▼

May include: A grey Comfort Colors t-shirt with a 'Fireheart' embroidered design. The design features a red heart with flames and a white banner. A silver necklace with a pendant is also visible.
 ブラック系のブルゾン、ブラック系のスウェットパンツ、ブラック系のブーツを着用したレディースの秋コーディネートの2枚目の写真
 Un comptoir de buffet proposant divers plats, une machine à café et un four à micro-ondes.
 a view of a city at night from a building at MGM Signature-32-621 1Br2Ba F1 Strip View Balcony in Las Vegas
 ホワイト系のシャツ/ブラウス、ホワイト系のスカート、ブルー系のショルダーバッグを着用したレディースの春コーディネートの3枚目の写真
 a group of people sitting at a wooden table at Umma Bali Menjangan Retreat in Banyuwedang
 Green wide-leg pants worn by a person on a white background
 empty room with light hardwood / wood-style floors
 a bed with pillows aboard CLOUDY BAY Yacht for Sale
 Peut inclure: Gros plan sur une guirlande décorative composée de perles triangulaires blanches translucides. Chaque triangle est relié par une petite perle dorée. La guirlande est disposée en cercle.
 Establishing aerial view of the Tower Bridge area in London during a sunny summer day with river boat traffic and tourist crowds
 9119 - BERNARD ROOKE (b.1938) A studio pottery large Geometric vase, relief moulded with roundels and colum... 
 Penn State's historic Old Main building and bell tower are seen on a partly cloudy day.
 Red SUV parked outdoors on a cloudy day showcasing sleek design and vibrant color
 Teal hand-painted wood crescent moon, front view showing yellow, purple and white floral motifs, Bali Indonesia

▲

**Task item:**
From the records above, pull every line that has the string "building" and copy it.

**Solution for this exercise:**
 a view of a city at night from a building at MGM Signature-32-621 1Br2Ba F1 Strip View Balcony in Las Vegas
 Penn State's historic Old Main building and bell tower are seen on a partly cloudy day.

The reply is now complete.